[Source data]
_ _ _ _ _ _ _
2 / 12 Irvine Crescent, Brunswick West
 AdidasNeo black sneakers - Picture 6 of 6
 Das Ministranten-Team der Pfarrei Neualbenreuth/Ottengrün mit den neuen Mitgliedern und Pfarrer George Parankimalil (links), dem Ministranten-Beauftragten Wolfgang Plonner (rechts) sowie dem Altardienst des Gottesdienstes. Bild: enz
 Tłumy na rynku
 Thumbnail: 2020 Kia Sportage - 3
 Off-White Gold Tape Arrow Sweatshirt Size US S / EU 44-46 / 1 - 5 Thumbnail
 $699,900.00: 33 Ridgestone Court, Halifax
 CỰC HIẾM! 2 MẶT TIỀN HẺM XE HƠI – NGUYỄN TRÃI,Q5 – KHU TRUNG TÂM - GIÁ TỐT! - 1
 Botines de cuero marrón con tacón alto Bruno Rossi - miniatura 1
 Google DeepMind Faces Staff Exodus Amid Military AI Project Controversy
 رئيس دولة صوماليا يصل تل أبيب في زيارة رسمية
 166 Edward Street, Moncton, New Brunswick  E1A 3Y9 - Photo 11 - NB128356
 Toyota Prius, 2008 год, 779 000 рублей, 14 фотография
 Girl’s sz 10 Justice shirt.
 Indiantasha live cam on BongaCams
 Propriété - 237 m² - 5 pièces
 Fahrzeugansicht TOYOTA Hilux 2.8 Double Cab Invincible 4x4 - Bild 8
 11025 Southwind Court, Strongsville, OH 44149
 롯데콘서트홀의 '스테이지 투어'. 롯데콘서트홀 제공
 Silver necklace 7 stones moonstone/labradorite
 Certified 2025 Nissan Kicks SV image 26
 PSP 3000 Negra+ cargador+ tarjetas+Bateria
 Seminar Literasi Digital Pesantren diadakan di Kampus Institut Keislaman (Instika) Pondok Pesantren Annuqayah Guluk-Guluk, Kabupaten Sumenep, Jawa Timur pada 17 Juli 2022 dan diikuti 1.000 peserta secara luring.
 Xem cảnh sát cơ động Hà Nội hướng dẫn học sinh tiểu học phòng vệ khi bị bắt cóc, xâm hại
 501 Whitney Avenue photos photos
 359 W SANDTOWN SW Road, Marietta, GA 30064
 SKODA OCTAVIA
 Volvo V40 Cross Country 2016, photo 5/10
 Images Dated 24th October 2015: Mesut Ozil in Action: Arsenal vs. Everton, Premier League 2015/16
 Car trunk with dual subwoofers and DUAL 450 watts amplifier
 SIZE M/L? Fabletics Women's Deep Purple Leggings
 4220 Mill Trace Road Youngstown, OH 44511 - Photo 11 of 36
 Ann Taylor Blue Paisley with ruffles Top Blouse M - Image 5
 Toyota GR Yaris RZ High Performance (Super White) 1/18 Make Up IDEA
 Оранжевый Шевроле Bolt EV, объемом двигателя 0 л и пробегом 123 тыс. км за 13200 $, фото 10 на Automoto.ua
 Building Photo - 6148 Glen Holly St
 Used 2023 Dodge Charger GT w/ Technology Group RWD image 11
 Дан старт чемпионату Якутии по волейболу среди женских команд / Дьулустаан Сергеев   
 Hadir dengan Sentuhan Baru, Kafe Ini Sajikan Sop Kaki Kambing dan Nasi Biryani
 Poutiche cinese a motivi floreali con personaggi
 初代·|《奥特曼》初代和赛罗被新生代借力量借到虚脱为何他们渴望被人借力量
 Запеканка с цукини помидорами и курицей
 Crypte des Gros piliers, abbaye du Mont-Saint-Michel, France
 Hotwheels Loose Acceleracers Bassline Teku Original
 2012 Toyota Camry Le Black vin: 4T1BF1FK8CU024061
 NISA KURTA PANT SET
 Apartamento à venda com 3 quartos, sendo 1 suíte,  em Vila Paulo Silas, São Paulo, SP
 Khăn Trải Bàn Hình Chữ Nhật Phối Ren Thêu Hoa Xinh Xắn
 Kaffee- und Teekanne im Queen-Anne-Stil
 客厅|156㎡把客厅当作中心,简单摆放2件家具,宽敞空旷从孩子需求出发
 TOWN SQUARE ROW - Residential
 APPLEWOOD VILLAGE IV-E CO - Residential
_ _ _ _ _ _ _
◆ **How to complete this task**
All of the data above should be reproduced word for word.

◆ **Output of the task**
2 / 12 Irvine Crescent, Brunswick West
 AdidasNeo black sneakers - Picture 6 of 6
 Das Ministranten-Team der Pfarrei Neualbenreuth/Ottengrün mit den neuen Mitgliedern und Pfarrer George Parankimalil (links), dem Ministranten-Beauftragten Wolfgang Plonner (rechts) sowie dem Altardienst des Gottesdienstes. Bild: enz
 Tłumy na rynku
 Thumbnail: 2020 Kia Sportage - 3
 Off-White Gold Tape Arrow Sweatshirt Size US S / EU 44-46 / 1 - 5 Thumbnail
 $699,900.00: 33 Ridgestone Court, Halifax
 CỰC HIẾM! 2 MẶT TIỀN HẺM XE HƠI – NGUYỄN TRÃI,Q5 – KHU TRUNG TÂM - GIÁ TỐT! - 1
 Botines de cuero marrón con tacón alto Bruno Rossi - miniatura 1
 Google DeepMind Faces Staff Exodus Amid Military AI Project Controversy
 رئيس دولة صوماليا يصل تل أبيب في زيارة رسمية
 166 Edward Street, Moncton, New Brunswick  E1A 3Y9 - Photo 11 - NB128356
 Toyota Prius, 2008 год, 779 000 рублей, 14 фотография
 Girl’s sz 10 Justice shirt.
 Indiantasha live cam on BongaCams
 Propriété - 237 m² - 5 pièces
 Fahrzeugansicht TOYOTA Hilux 2.8 Double Cab Invincible 4x4 - Bild 8
 11025 Southwind Court, Strongsville, OH 44149
 롯데콘서트홀의 '스테이지 투어'. 롯데콘서트홀 제공
 Silver necklace 7 stones moonstone/labradorite
 Certified 2025 Nissan Kicks SV image 26
 PSP 3000 Negra+ cargador+ tarjetas+Bateria
 Seminar Literasi Digital Pesantren diadakan di Kampus Institut Keislaman (Instika) Pondok Pesantren Annuqayah Guluk-Guluk, Kabupaten Sumenep, Jawa Timur pada 17 Juli 2022 dan diikuti 1.000 peserta secara luring.
 Xem cảnh sát cơ động Hà Nội hướng dẫn học sinh tiểu học phòng vệ khi bị bắt cóc, xâm hại
 501 Whitney Avenue photos photos
 359 W SANDTOWN SW Road, Marietta, GA 30064
 SKODA OCTAVIA
 Volvo V40 Cross Country 2016, photo 5/10
 Images Dated 24th October 2015: Mesut Ozil in Action: Arsenal vs. Everton, Premier League 2015/16
 Car trunk with dual subwoofers and DUAL 450 watts amplifier
 SIZE M/L? Fabletics Women's Deep Purple Leggings
 4220 Mill Trace Road Youngstown, OH 44511 - Photo 11 of 36
 Ann Taylor Blue Paisley with ruffles Top Blouse M - Image 5
 Toyota GR Yaris RZ High Performance (Super White) 1/18 Make Up IDEA
 Оранжевый Шевроле Bolt EV, объемом двигателя 0 л и пробегом 123 тыс. км за 13200 $, фото 10 на Automoto.ua
 Building Photo - 6148 Glen Holly St
 Used 2023 Dodge Charger GT w/ Technology Group RWD image 11
 Дан старт чемпионату Якутии по волейболу среди женских команд / Дьулустаан Сергеев   
 Hadir dengan Sentuhan Baru, Kafe Ini Sajikan Sop Kaki Kambing dan Nasi Biryani
 Poutiche cinese a motivi floreali con personaggi
 初代·|《奥特曼》初代和赛罗被新生代借力量借到虚脱为何他们渴望被人借力量
 Запеканка с цукини помидорами и курицей
 Crypte des Gros piliers, abbaye du Mont-Saint-Michel, France
 Hotwheels Loose Acceleracers Bassline Teku Original
 2012 Toyota Camry Le Black vin: 4T1BF1FK8CU024061
 NISA KURTA PANT SET
 Apartamento à venda com 3 quartos, sendo 1 suíte,  em Vila Paulo Silas, São Paulo, SP
 Khăn Trải Bàn Hình Chữ Nhật Phối Ren Thêu Hoa Xinh Xắn
 Kaffee- und Teekanne im Queen-Anne-Stil
 客厅|156㎡把客厅当作中心,简单摆放2件家具,宽敞空旷从孩子需求出发
 TOWN SQUARE ROW - Residential
 APPLEWOOD VILLAGE IV-E CO - Residential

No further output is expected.